Taiwan’s Ministry of Defense has called on China to stop its “continuous harassment” and “provocative” actions, which undermine the status quo and cause heightened tensions in the strait.
External factors?
The heightened activity around Taiwan comes at a time of increased tensions in the Pacific, and moves by the U.S. and its allies that China views as affronts to its sovereignty. In addition to the joint drills in the Yellow Sea, U.S. and Canadian warships sailed through the Taiwan Strait earlier this month. In late August, the U.S. approved a new $500 million arms sale to Taiwan shortly after Lai’s U.S. stopover.
The Global Times, a nationalist Chinese state-owned tabloid, wrote on September 17 that U.S. actions were “further escalating tensions in China’s surrounding areas.”

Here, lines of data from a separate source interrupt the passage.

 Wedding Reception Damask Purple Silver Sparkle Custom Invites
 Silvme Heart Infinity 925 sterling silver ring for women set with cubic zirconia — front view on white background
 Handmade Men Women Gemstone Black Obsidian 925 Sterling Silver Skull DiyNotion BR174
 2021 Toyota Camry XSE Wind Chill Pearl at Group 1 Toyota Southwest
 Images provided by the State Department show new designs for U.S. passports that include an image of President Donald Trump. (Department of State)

After Foreign Minister Wáng Yì 王毅 met with National Security Advisor Jake Sullivan earlier this month, China’s readout stressed that “the Taiwan issue is the number-one insurmountable red line in U.S.-China relations” and that the United States “must abide by the three joint communiques and carry out its promise to not support ‘Taiwan independence.’”

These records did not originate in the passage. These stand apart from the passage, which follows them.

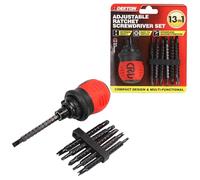 DEKTON VDE Stubby Adjustable Ratchet Screwdriver Set - 3-Stage Ratchet, Short Handle, 6 Double-Head Bits, Easy Length Adjustment, Compact Design for Tight Spaces & DIY Projects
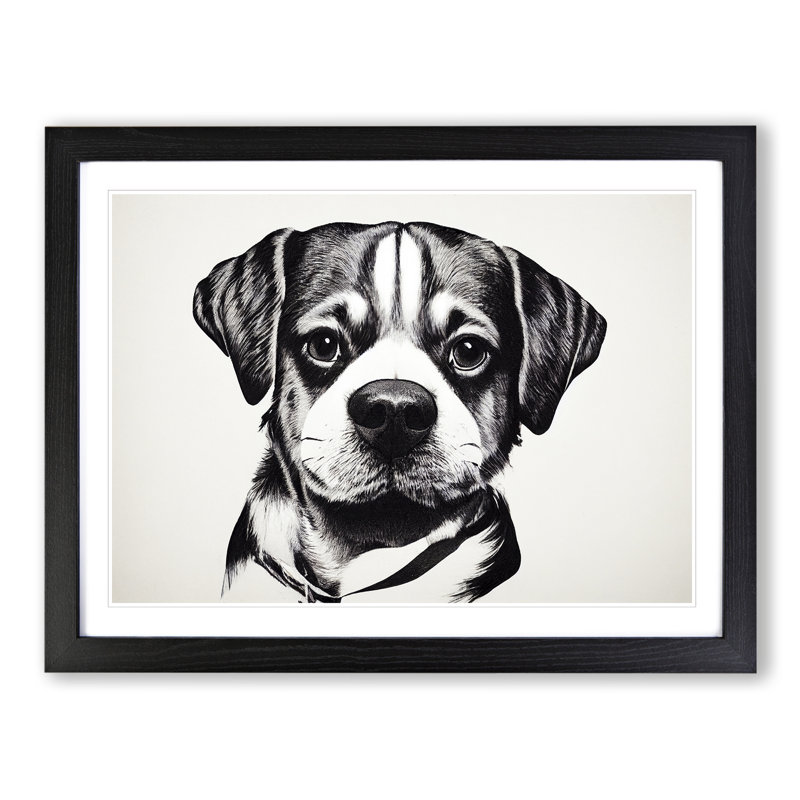 Dog Vol.9 - Single Picture Frame Print, 46cm H x 64cm W, Black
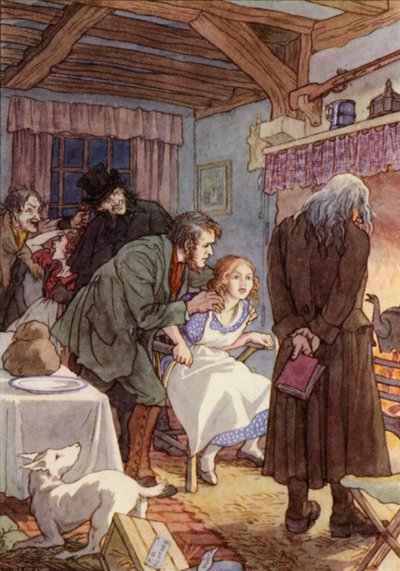 Charles Dickensin The Cricket on the Hearth -teoksen kuvitus (värilitografia). tekijältä Francis Donkin Bedford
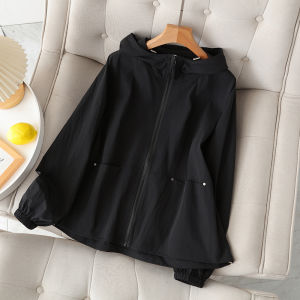 Fashion Hooded plus Size Outwear Womens 2024 Spring and Summer Thin Outdoor Loose Sun Protection Clothing Breathable Tops Windbreaker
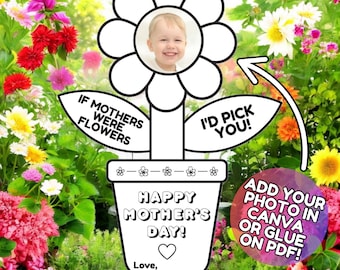 Mothers Day Crafts, Mothers Day Flower Craft to Print, Mothers Day Photo Craft, Kids Crafts Mothers Day, Mothers Day Gift Classroom Daycare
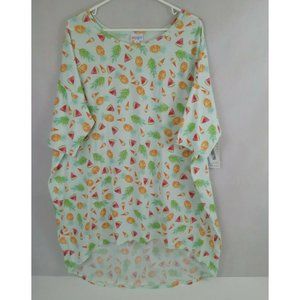 NWT Lularoe Irma Tunic Unicorn With Watermelon, Ice Cream, & Pineapple Design XL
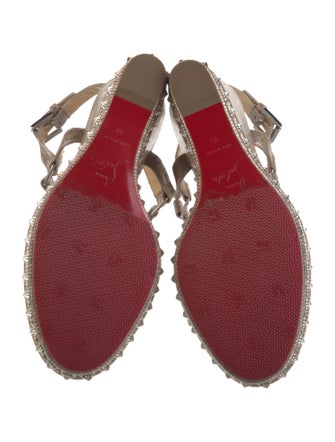 Christian Louboutin Leather Studded Accents Espadrilles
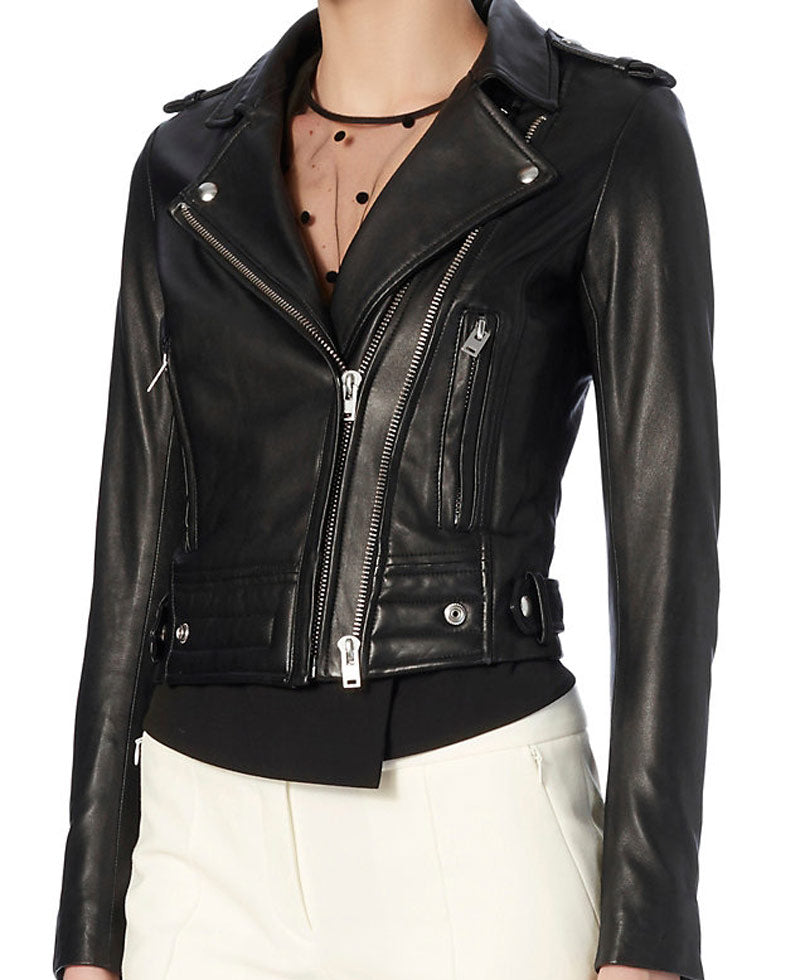 Beliebte Damen Las Vegas Black Brando Taillenlange Damen Lederjacke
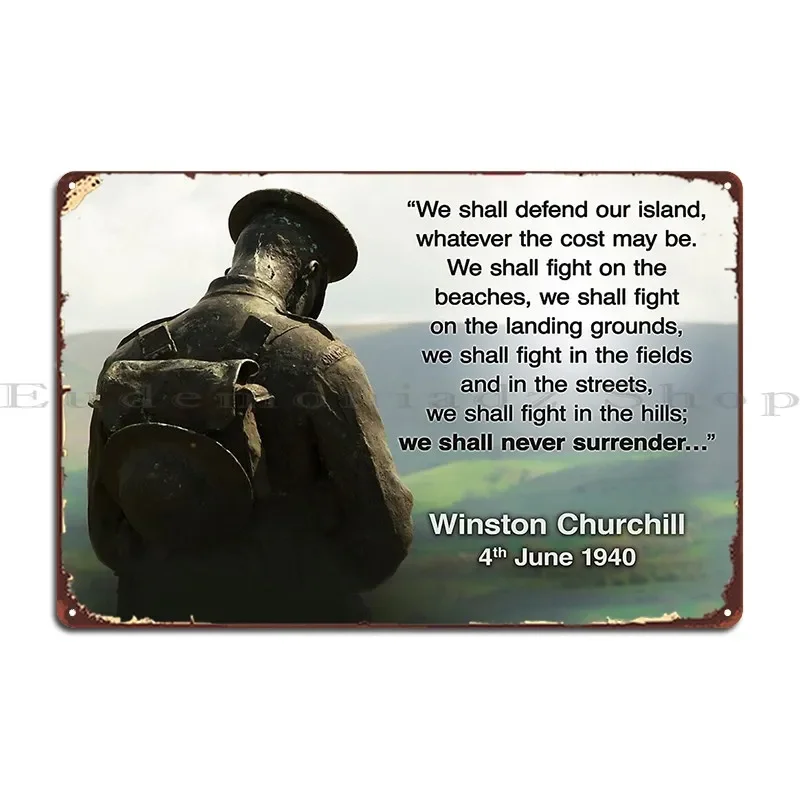 Strength In The Face Of Adversity A Winston Churchill Motivational Design Metal Plaque Create Printed Kitchen Tin Sign Poster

Lyle Goldstein, the director of Asia Engagement Defense Priorities, a Washington-based think tank, said the current situation in the strait is “incredibly dangerous.”
“Trying to defuse the tension and just moving military forces around or seeking new bases to me is putting all our eggs in a deterrence basket. I think that’s wrong. I think we need to do more reassurance and try to defuse the situation before it gets out of hand,” he told The Chin Project.

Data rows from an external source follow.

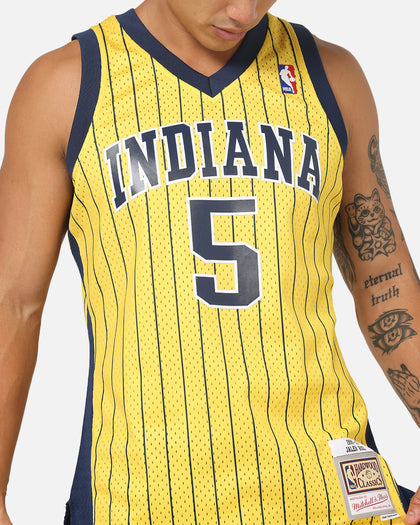 Mitchell & Ness Indiana Pacers Jalen Rose #5 Swingman Road Jersey Yellow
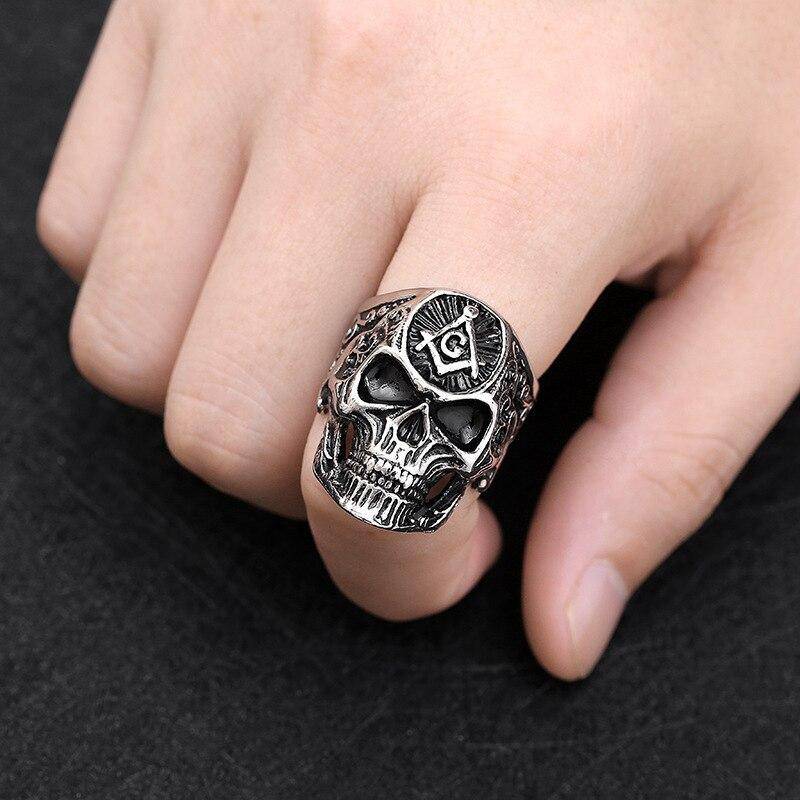 Widows Sons Ring - Silver Skull Vintage Gothic - Bricks Masons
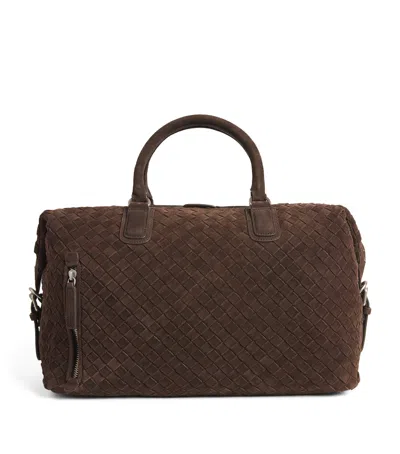 Officine Creative Suede Woven Armor Duffle Bag In Brown
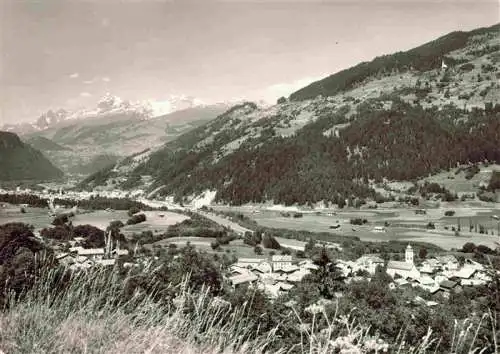 AK / Ansichtskarte  Castrisch_Surselva_GR Blick auf Ilanz und die Brigelserhoerner mit Bifertenstock
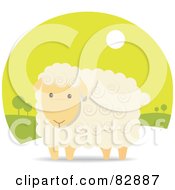 Poster, Art Print Of Adorable Beige Sheep With Swirls In His Hair In A Green Landscape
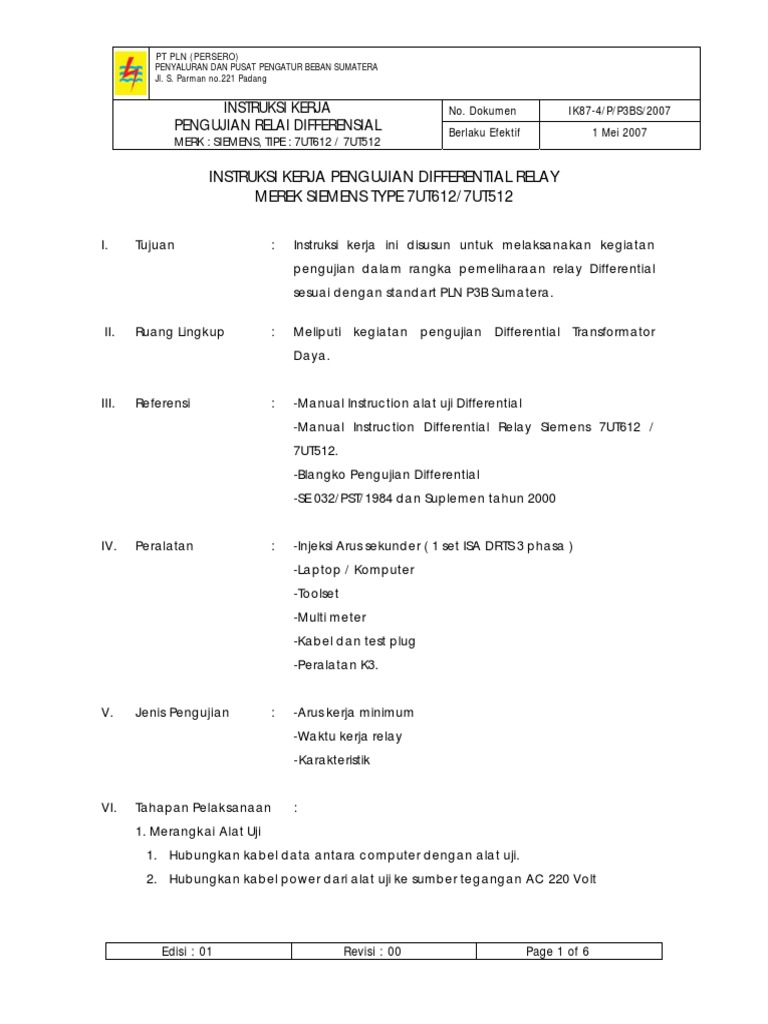 Pengujian Relay Siemens 7UT612/7UT512 | PDF | Komputer | Teknologi ...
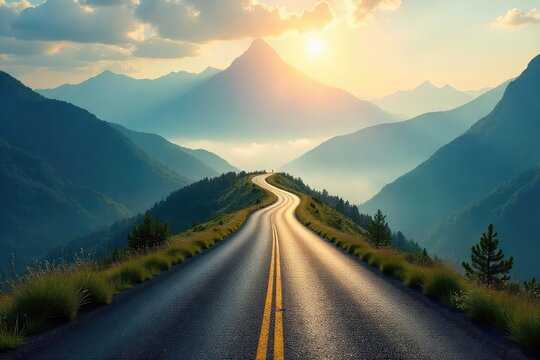 A winding road disappearing into a misty, sunlit mountain range, symbolizing an uncertain but hopeful future path ahead The journey is long, but the destination is promising , fog, unknown, sun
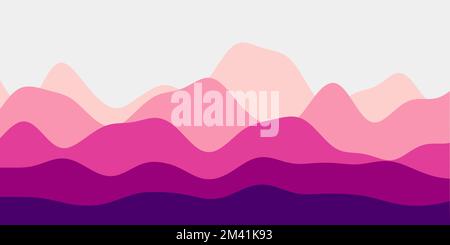 Astratto rosso porpora sfondo colline. Onde colorate elegante illustrazione vettoriale. Illustrazione Vettoriale
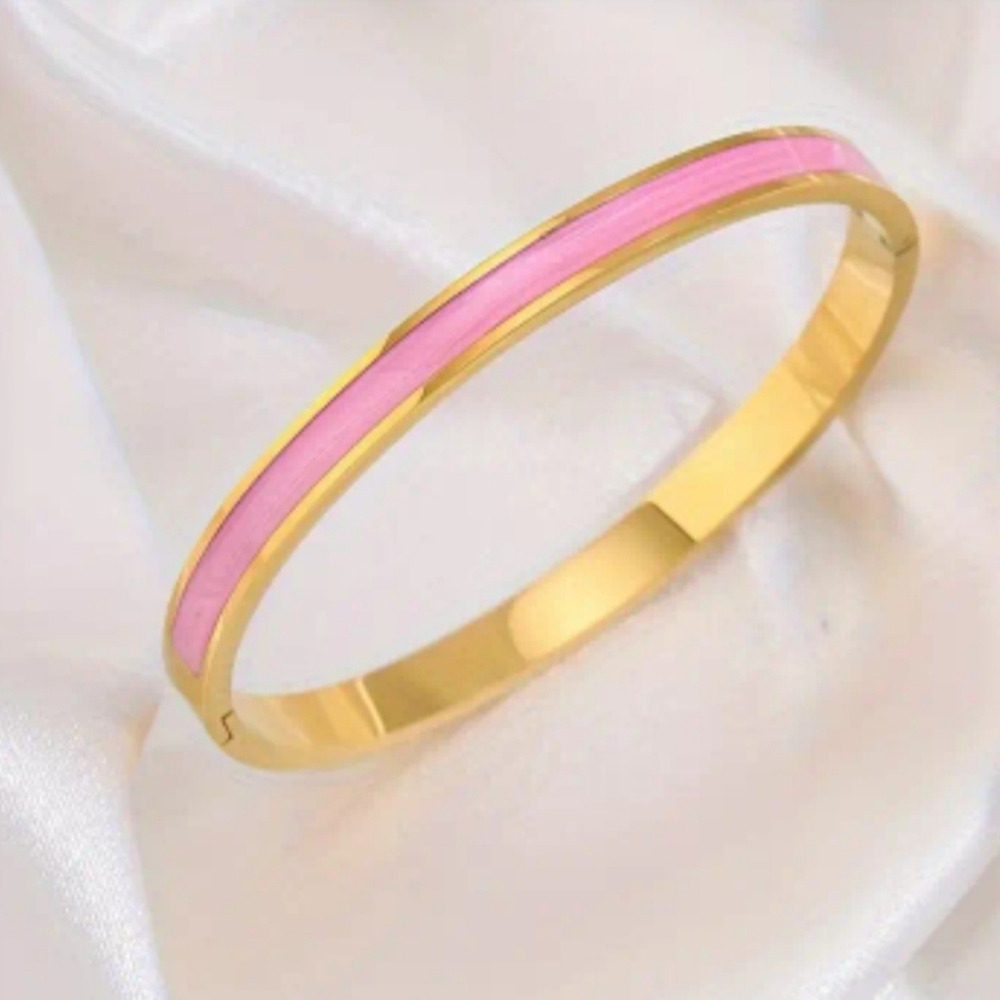 pink & gold stainless steel  bangle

However, China may still be practicing restraint in an attempt to sway the January 2024 presidential election, Goldstein said, and to offer “a subtle reminder that there is this risk of war.” Last week, as large-scale naval exercises took place near Taiwan, China announced plans for “economic integration” in Fujian Province with Taiwan as an important part of “realizing China’s complete reunification.”
The combination of military and economic coercion is commonly used by China against Taiwan, but “might not be as effective as [China] originally intended it to be,” said Crystal Tu (杜貞儀 Dù Zhēnyí), an assistant research fellow at the Institute for National Defense and Security Research, a military think tank in Taiwan.
Recent polls have found growing confidence in Taiwan’s military capabilities as well as support for U.S. military aid to Taiwan.
Weakening Taiwan’s capabilities
Recent flight paths of PLA craft operating around Taiwan show more crossings of the median line as well as a heightened presence in the southeastern ADIZ and some aircraft moving partly around Taiwan’s perimeter, indicating that the PLA may be testing new capabilities or exercises to keep aircraft active for longer periods of time, said Tu.
“It’s put a lot of pressure on our airports. Because of their constant presence on the southwest corners, it might disrupt their scheduled trainings,” Tu said.
In August, the New York Times reported that Taiwan has stopped deploying its own fighter jets each time Chinese flights are detected, “and now does so only when the flights appear more threatening.” In 2020, Taiwan spent nearly 9 percent of its defense budget monitoring Chinese flights and requested an additional $54 million for that purpose earlier this year.
China has over 1,300 combat-ready fighter jets, while Taiwan has just 300. U.S. deliveries of fighter jets and other equipment to Taiwan have lagged, though a recent sale of equipment, which includes infrared search and track systems for F-16 jets, is expected to “greatly improve the effectiveness of air operations.”
“The Chinese want to make sure Taiwan’s pilots are stressed out, tired, that their budgets are spent in this way,” Goldstein said. “If you really want to accomplish surprise against your adversary, you start to do regular sets of large-scale exercises against your adversary and create a false sense of security.”